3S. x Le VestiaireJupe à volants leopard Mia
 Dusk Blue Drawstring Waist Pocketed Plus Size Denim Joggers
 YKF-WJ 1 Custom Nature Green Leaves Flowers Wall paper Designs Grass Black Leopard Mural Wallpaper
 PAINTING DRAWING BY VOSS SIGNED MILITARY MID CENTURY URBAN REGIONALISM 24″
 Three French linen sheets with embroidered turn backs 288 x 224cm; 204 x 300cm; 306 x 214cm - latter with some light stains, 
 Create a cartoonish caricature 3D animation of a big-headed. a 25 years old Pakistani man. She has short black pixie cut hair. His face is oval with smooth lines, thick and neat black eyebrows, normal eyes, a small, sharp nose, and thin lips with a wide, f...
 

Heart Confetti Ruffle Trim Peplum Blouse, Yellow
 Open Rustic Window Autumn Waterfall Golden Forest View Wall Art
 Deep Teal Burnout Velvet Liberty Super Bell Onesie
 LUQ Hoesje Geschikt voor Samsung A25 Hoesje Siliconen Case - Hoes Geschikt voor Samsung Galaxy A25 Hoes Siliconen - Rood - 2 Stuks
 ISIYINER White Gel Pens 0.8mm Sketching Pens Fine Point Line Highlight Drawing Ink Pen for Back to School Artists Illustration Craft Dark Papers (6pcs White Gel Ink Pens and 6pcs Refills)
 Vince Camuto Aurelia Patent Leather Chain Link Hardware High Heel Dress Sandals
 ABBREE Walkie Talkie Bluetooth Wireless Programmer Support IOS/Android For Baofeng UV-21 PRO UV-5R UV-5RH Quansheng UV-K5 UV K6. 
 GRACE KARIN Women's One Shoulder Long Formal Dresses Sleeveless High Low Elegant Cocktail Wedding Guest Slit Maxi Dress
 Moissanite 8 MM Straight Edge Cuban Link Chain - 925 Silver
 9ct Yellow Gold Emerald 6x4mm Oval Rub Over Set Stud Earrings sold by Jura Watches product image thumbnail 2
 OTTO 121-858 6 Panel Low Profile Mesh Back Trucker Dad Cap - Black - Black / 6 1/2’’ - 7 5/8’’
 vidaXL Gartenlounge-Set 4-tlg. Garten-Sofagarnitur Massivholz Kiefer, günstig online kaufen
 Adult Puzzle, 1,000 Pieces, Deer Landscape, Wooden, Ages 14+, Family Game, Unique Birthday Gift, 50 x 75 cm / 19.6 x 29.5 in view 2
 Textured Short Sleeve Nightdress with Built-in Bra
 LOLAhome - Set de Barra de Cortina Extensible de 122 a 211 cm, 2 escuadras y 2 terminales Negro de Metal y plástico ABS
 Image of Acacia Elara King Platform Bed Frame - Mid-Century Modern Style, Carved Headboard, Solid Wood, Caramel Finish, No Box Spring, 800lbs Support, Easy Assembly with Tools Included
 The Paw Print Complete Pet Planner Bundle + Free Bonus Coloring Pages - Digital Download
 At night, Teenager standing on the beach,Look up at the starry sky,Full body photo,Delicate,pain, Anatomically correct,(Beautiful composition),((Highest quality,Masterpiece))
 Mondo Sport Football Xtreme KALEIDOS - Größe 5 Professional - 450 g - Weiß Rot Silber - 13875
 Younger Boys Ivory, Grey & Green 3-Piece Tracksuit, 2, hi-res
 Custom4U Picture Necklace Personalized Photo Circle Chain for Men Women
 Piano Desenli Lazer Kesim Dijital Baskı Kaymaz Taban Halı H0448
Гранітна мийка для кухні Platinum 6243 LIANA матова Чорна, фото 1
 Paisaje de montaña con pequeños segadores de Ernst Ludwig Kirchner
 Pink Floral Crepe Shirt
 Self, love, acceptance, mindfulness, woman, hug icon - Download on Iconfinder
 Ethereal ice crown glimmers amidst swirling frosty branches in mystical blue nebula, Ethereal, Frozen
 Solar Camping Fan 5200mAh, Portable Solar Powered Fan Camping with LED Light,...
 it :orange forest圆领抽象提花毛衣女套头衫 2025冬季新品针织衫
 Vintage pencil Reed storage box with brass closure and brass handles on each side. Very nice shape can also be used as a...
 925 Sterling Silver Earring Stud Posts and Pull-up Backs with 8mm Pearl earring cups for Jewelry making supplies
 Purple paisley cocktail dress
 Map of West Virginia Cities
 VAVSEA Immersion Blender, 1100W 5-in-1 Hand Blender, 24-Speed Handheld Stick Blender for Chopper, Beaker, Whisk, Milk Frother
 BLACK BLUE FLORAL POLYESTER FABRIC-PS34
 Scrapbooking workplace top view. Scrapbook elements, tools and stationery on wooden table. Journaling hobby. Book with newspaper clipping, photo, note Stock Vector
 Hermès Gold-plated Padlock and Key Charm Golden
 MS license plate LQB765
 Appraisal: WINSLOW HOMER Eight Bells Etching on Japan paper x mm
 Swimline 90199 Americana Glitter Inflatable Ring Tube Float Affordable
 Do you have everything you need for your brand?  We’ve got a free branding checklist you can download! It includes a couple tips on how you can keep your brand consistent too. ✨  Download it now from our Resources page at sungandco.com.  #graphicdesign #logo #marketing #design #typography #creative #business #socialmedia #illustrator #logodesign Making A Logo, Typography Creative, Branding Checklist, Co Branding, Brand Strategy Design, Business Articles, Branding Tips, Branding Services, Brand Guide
□ □ □ □
__EXERCISE DIRECTIONS__: Every record above is to be transcribed exactly.

__WRITTEN REPLY__:
3S. x Le VestiaireJupe à volants leopard Mia
 Dusk Blue Drawstring Waist Pocketed Plus Size Denim Joggers
 YKF-WJ 1 Custom Nature Green Leaves Flowers Wall paper Designs Grass Black Leopard Mural Wallpaper
 PAINTING DRAWING BY VOSS SIGNED MILITARY MID CENTURY URBAN REGIONALISM 24″
 Three French linen sheets with embroidered turn backs 288 x 224cm; 204 x 300cm; 306 x 214cm - latter with some light stains, 
 Create a cartoonish caricature 3D animation of a big-headed. a 25 years old Pakistani man. She has short black pixie cut hair. His face is oval with smooth lines, thick and neat black eyebrows, normal eyes, a small, sharp nose, and thin lips with a wide, f...
 

Heart Confetti Ruffle Trim Peplum Blouse, Yellow
 Open Rustic Window Autumn Waterfall Golden Forest View Wall Art
 Deep Teal Burnout Velvet Liberty Super Bell Onesie
 LUQ Hoesje Geschikt voor Samsung A25 Hoesje Siliconen Case - Hoes Geschikt voor Samsung Galaxy A25 Hoes Siliconen - Rood - 2 Stuks
 ISIYINER White Gel Pens 0.8mm Sketching Pens Fine Point Line Highlight Drawing Ink Pen for Back to School Artists Illustration Craft Dark Papers (6pcs White Gel Ink Pens and 6pcs Refills)
 Vince Camuto Aurelia Patent Leather Chain Link Hardware High Heel Dress Sandals
 ABBREE Walkie Talkie Bluetooth Wireless Programmer Support IOS/Android For Baofeng UV-21 PRO UV-5R UV-5RH Quansheng UV-K5 UV K6. 
 GRACE KARIN Women's One Shoulder Long Formal Dresses Sleeveless High Low Elegant Cocktail Wedding Guest Slit Maxi Dress
 Moissanite 8 MM Straight Edge Cuban Link Chain - 925 Silver
 9ct Yellow Gold Emerald 6x4mm Oval Rub Over Set Stud Earrings sold by Jura Watches product image thumbnail 2
 OTTO 121-858 6 Panel Low Profile Mesh Back Trucker Dad Cap - Black - Black / 6 1/2’’ - 7 5/8’’
 vidaXL Gartenlounge-Set 4-tlg. Garten-Sofagarnitur Massivholz Kiefer, günstig online kaufen
 Adult Puzzle, 1,000 Pieces, Deer Landscape, Wooden, Ages 14+, Family Game, Unique Birthday Gift, 50 x 75 cm / 19.6 x 29.5 in view 2
 Textured Short Sleeve Nightdress with Built-in Bra
 LOLAhome - Set de Barra de Cortina Extensible de 122 a 211 cm, 2 escuadras y 2 terminales Negro de Metal y plástico ABS
 Image of Acacia Elara King Platform Bed Frame - Mid-Century Modern Style, Carved Headboard, Solid Wood, Caramel Finish, No Box Spring, 800lbs Support, Easy Assembly with Tools Included
 The Paw Print Complete Pet Planner Bundle + Free Bonus Coloring Pages - Digital Download
 At night, Teenager standing on the beach,Look up at the starry sky,Full body photo,Delicate,pain, Anatomically correct,(Beautiful composition),((Highest quality,Masterpiece))
 Mondo Sport Football Xtreme KALEIDOS - Größe 5 Professional - 450 g - Weiß Rot Silber - 13875
 Younger Boys Ivory, Grey & Green 3-Piece Tracksuit, 2, hi-res
 Custom4U Picture Necklace Personalized Photo Circle Chain for Men Women
 Piano Desenli Lazer Kesim Dijital Baskı Kaymaz Taban Halı H0448
Гранітна мийка для кухні Platinum 6243 LIANA матова Чорна, фото 1
 Paisaje de montaña con pequeños segadores de Ernst Ludwig Kirchner
 Pink Floral Crepe Shirt
 Self, love, acceptance, mindfulness, woman, hug icon - Download on Iconfinder
 Ethereal ice crown glimmers amidst swirling frosty branches in mystical blue nebula, Ethereal, Frozen
 Solar Camping Fan 5200mAh, Portable Solar Powered Fan Camping with LED Light,...
 it :orange forest圆领抽象提花毛衣女套头衫 2025冬季新品针织衫
 Vintage pencil Reed storage box with brass closure and brass handles on each side. Very nice shape can also be used as a...
 925 Sterling Silver Earring Stud Posts and Pull-up Backs with 8mm Pearl earring cups for Jewelry making supplies
 Purple paisley cocktail dress
 Map of West Virginia Cities
 VAVSEA Immersion Blender, 1100W 5-in-1 Hand Blender, 24-Speed Handheld Stick Blender for Chopper, Beaker, Whisk, Milk Frother
 BLACK BLUE FLORAL POLYESTER FABRIC-PS34
 Scrapbooking workplace top view. Scrapbook elements, tools and stationery on wooden table. Journaling hobby. Book with newspaper clipping, photo, note Stock Vector
 Hermès Gold-plated Padlock and Key Charm Golden
 MS license plate LQB765
 Appraisal: WINSLOW HOMER Eight Bells Etching on Japan paper x mm
 Swimline 90199 Americana Glitter Inflatable Ring Tube Float Affordable
 Do you have everything you need for your brand?  We’ve got a free branding checklist you can download! It includes a couple tips on how you can keep your brand consistent too. ✨  Download it now from our Resources page at sungandco.com.  #graphicdesign #logo #marketing #design #typography #creative #business #socialmedia #illustrator #logodesign Making A Logo, Typography Creative, Branding Checklist, Co Branding, Brand Strategy Design, Business Articles, Branding Tips, Branding Services, Brand Guide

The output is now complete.